Texas head coach John Fields watches Beau Hossler

Hossler hits a shot alongside Texas coach John Fields.


Said Gavin Hall, Hossler’s teammate at Texas: “After that title, I sensed a different Beau. He was really motivated and saying that all he wanted to do was win. I started hearing that word a lot more.”

A similar situation played out at last year’s Walker Cup. The Americans were trailing on Day 1 of the biennial matches, but Hossler had achance to earn a valuable point late in his singles match at Royal Lytham. He was 1 up with two to play against Jack Hume, with a 10-foot birdie putt upcoming and his opponent facing a 50-foot chip. Hume pitched to about 6 feet, but his par putt broke sharply from left to right. Hossler’s birdie try hung on the lip, then he inexplicably conceded Hume’s putt to push the match to 18. His team already down two points, U.S. captain Spider Miller went ballistic.

But just like at the Western, Hossler split the 18th fairway, hit his approach to 15 feet and won the match, 1 up, in front of the big crowd and his relieved skipper.

“He wanted to go out with a bang, in Beau style,” said Georgia senior Lee McCoy, one of Hossler’s Walker Cup teammates. “Losing never even crossed his mind. He’s one of those guys you don’t want to go head to head against down the stretch because he’s so good under pressure. Some guys are scared of that and don’t want to be the one who hits the winning putt. Beau loves being in that spotlight.”


ANYONE WHO KNOWS BEAU HOSSLER isn’t surprised by what has transpired over the last two years, the ascendance of a player who is mature, tenacious and brimming with confidence.

Schellenberg knew Hossler was destined for greatness at the 2009 U.S. Amateur, when the kid bunted his way around an Open venue and made par from everywhere; the mother of one of their fellow playing competitors even told him as much.

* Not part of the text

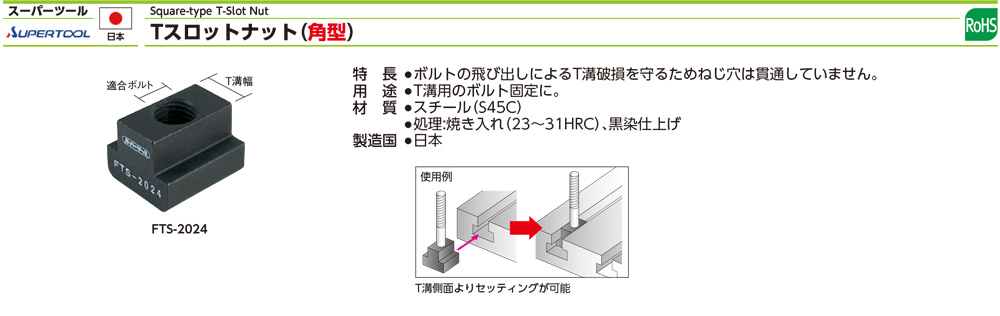 FTS TN系列T型螺帽規格、品號、產品說明｜伍全企業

Fields knew at the 2012 U.S. Open. Burned out, a few weeks removed from the school’s long-awaited national title and having just witnessed the emergence of a once-in-a-generation talent like Spieth, Fields stood next to his wife, Pearl, and stared at the leaderboard.

“I’m scratching my head thinking, ‘Oh my God, it’s happening again,’” Fields said. “I was pinching myself more than being perplexed. I had waited my entire career for these types of players, these types of blessings, and now they’re coming in abundance.”



And Porzak knew at last year’s U.S. Open at Chambers Bay. It was his first major as an instructor, and the 29-year-old was a nervous wreck, overthinking everything from where to stand to how to secure his credentials.

“Then I look at Beau,” Porzak said, “and he is more at ease and having more fun than I’ve ever seen him in my entire life. That’s when I said that we might not be witnessing just another great player. I think we have the potential to witness one of the best players who has ever played the game.

“And it’s not just the talent. Look at the perfect storm of attributes: The head on his shoulders. The calmness about him. The self-belief and confidence. He looks like he’s meant to be out there.”

And Hossler will be soon enough. Though he declined to discuss his future, he is likely to turn pro after the NCAAs in June. Perhaps it’ll be Hossler – not amateur sensation Bryson DeChambeau, not top-ranked Jon Rahm – who enjoys the most success as a professional this summer.

If nothing else, don’t expect Hossler to get rattled by the pressure to perform. After all, it’s nothing new – he hasn’t competed anonymously since the beginning of high school. He is the rare amateur golfer who already has some semblance of celebrity.

“I love it,” he said. “I don’t have anything to shy away from. I prefer to have all eyes on me.”